Révolte à la grecque

Christian Makarian

Sans remonter à l’Antiquité, nous devons beaucoup à la Grèce. Par exemple, de nous avoir montré la voie d’une dictature méditerranéenne qui a su retrouver la démocratie par idéal, d’avoir accepté de cohabiter pacifiquement – au nom de la princesse Europe – avec un dur voisin qui l’a ravagée pendant cinq siècles, d’avoir transformé une économie pauvrement agricole en pays moderne, d’avoir, quoi qu’on dise, réussi la symbiose entre un richissime patrimoine culturel et les lois de la standardisation. Pour la première fois depuis son indépendance, en 1822, la Grèce a ainsi connu trente années d’une paix ininterrompue.

Mais toutes les pulsions du passé y demeurent à peine enfouies. L’Eglise orthodoxe se résout mal à la sécularisation, les partis politiques ruminent leurs pratiques médiocres, les milieux d’argent affichent leur arrogance, l’indépendance et la flamme nationales ne cessent de faire débat, la publicité cite Socrate en exaltant la consommation. Et les jeunes ? Dans son troisième millénaire, la politique en Grèce est directement l’affaire du citoyen selon un rapport étonnamment direct – hérité à la fois de l’utopie athénienne et d’un long clientélisme – dont les élus se plaisent à jouer pour obtenir ou garder le pouvoir. Tant pis si l’Etat est déficient et laisse, comme l’an dernier, plus de 70 personnes périr au cours d’incendies apocalyptiques. Et les jeunes ? L’intégration européenne a créé de nouvelles couches, mais les anciennes demeurent, et tout se superpose dans un baklava subtil dont la liberté individuelle constitue le nappage. Les politiciens ont ainsi procédé au  » marquage  » de toute la société, sans se préoccuper de la contestation perpétuelle que cela induit. Et les jeunes ?

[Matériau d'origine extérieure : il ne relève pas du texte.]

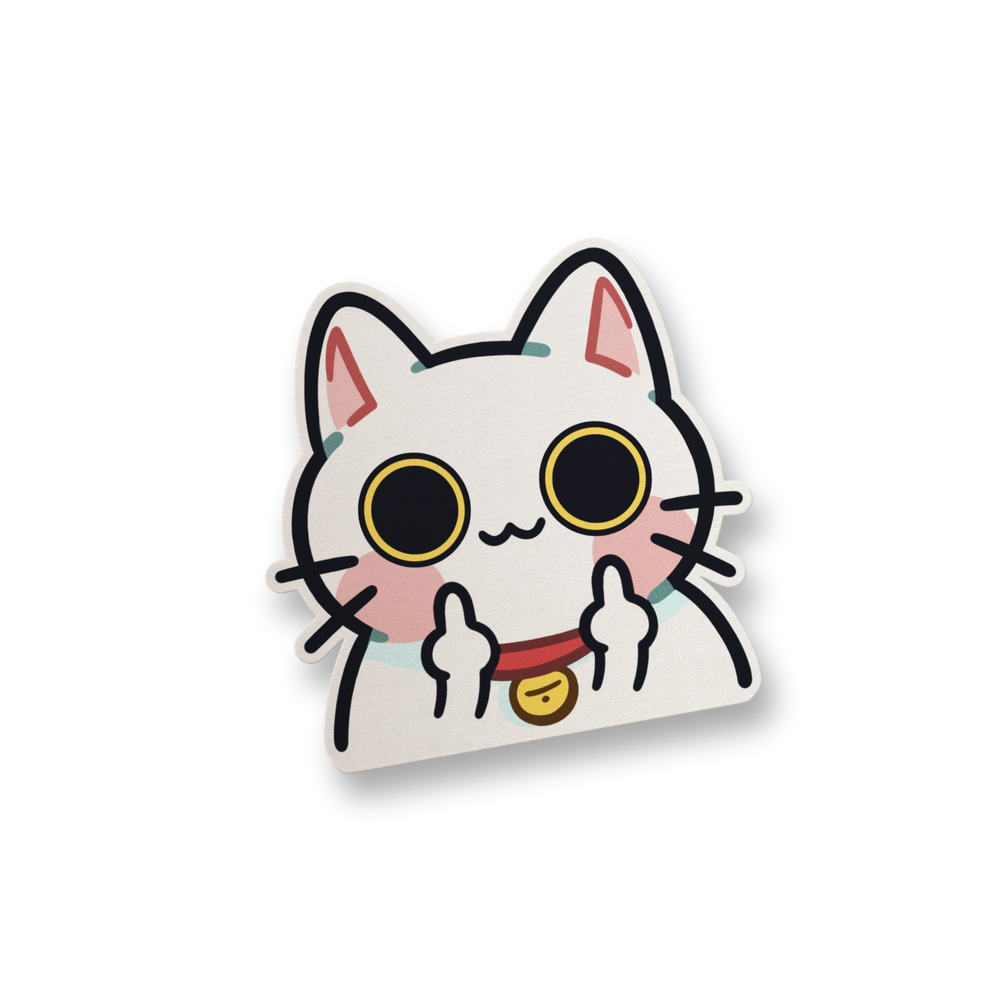 Cat Meme Vinyl Sticker Funny Meme Sticker Decal Water Bottle Sticker Decal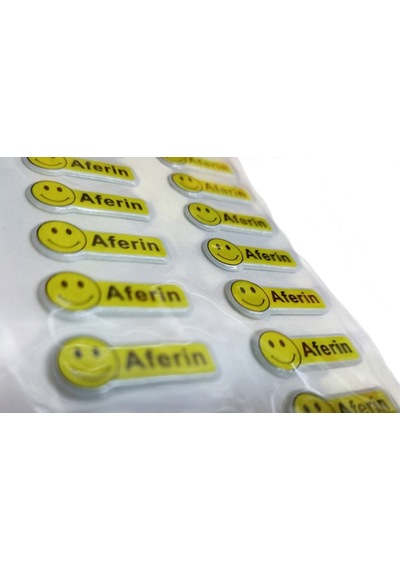 3 Adet Aferin Motivasyon Öğrenci Etiket Sticker 3 Paket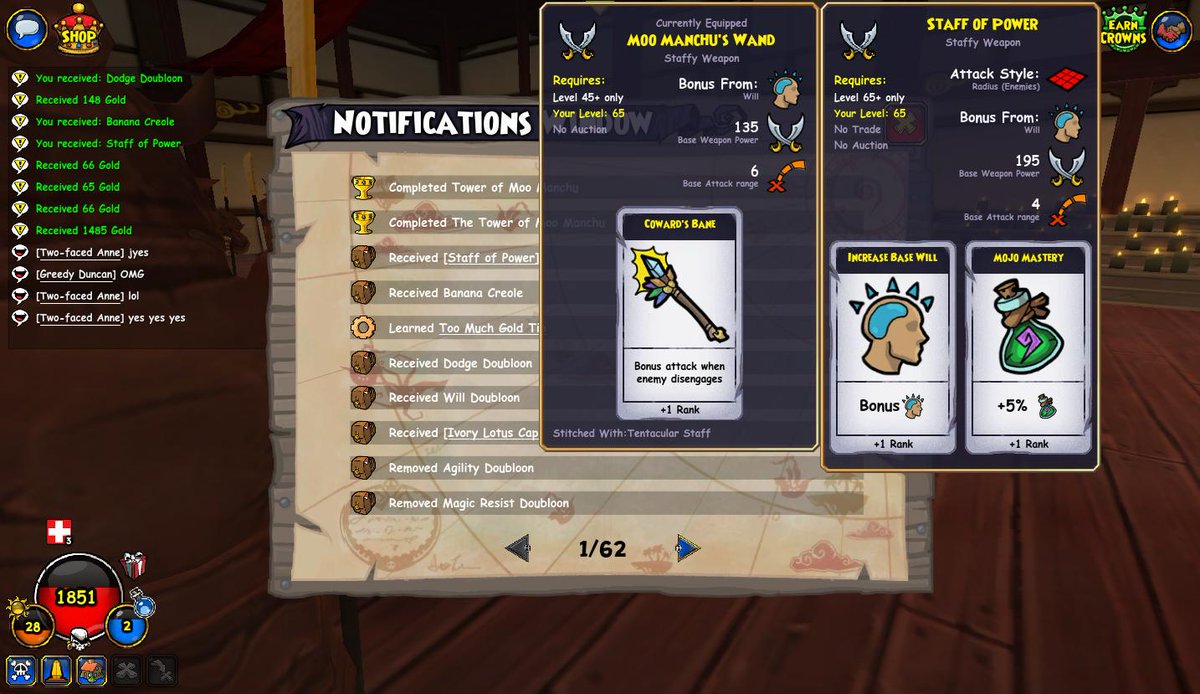 Ma1kavian's tweet photo. YEEEEEEEEES! Finally! @NightSong89 #FarmingWithDuncan #Pirate101 #StaffofPower http://t.co/UMdsWIR2je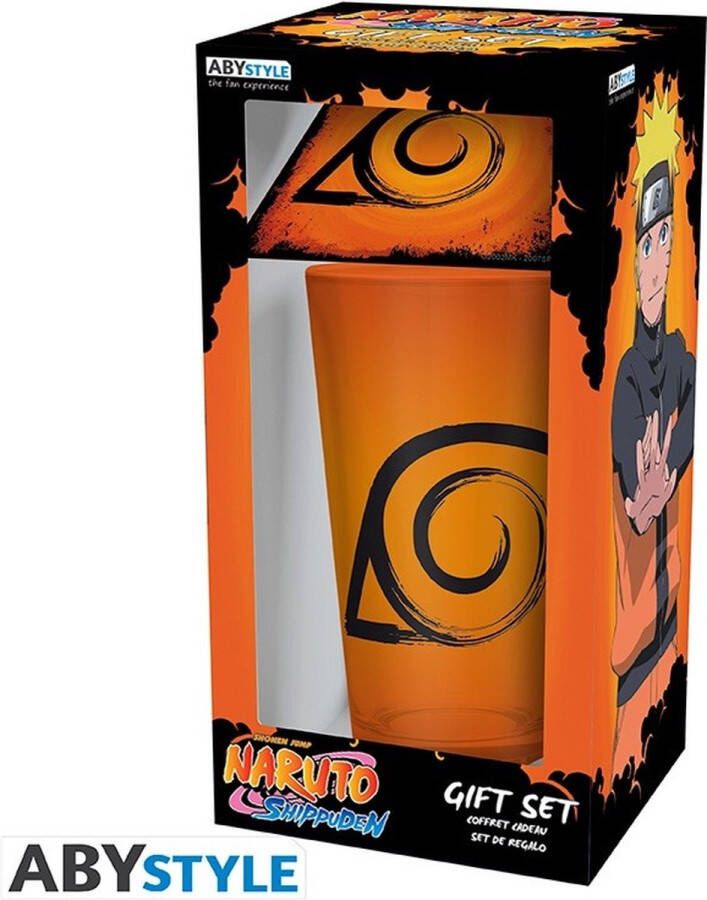 ABY Style Naruto Shippuden Glas & Onderzetter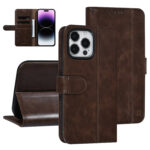 UNIQ Accessory iPhone 14 Pro Max Dark Brown Booktype Card holder for 3 cards - Magnetic closure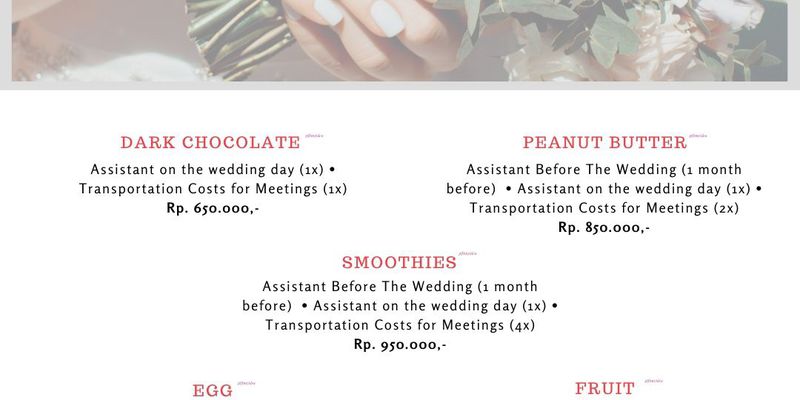 Wedding Personal Assistant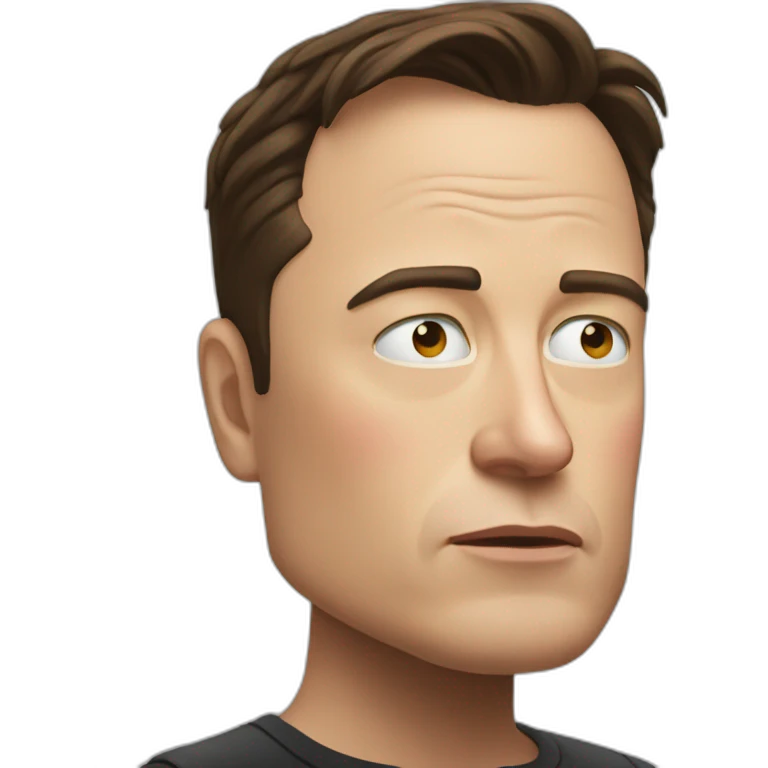 elon musk triste emoji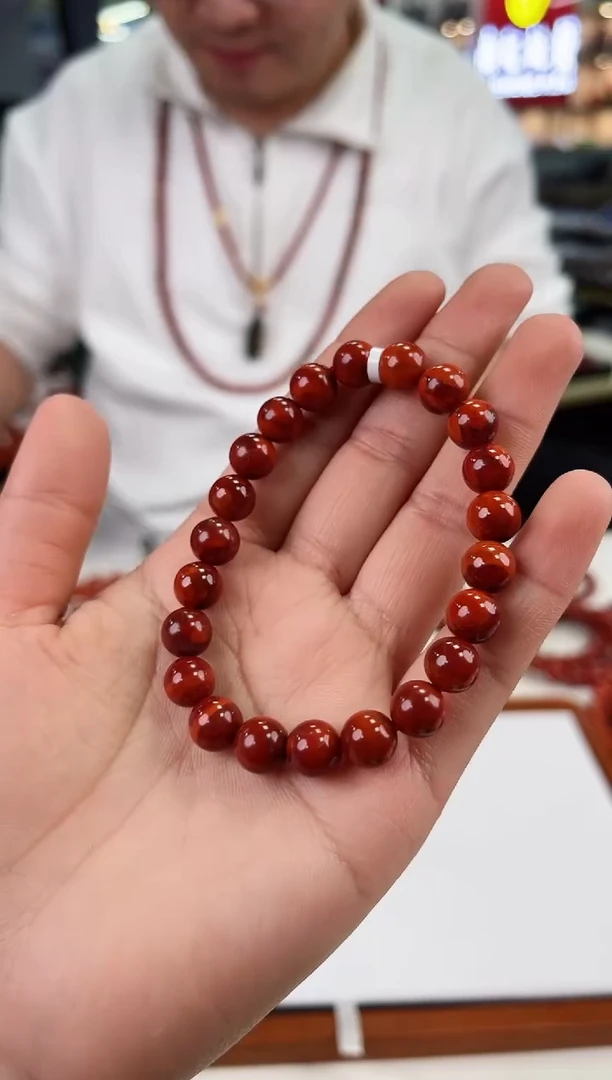 【闪购商品】南红玛瑙瓦西手串8+未镶嵌一个/条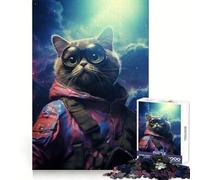 Rompecabezas Astro Cat Adventure de 1000 Piezas Desarrolla tu Cerebro, entretén tu Ocio y Disfruta Cierre Seguro Regalo de cumpleaños (50x75cm)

Aussi surprenant que cela paraisse, le lien à la cité reste régi par des règles comparables à celles du temps de Périclès. Ce dernier institua l’action de graphê paranomôn, une sorte de plainte en illégalité destinée à empêcher que des malveillances ne nuisent à la démocratie. Voici les jeunes. Athènes, puis Thessalonique, Patras, le Péloponnèse, la Crète, partout la flambée de violence évoque un soulèvement contre une société bloquée dont le matérialisme et la corruption contrarient les fondamentaux et obèrent le futur de toute une génération nourrie aux mythes. La Grèce a dompté son passé, mais pas encore éduqué son avenir.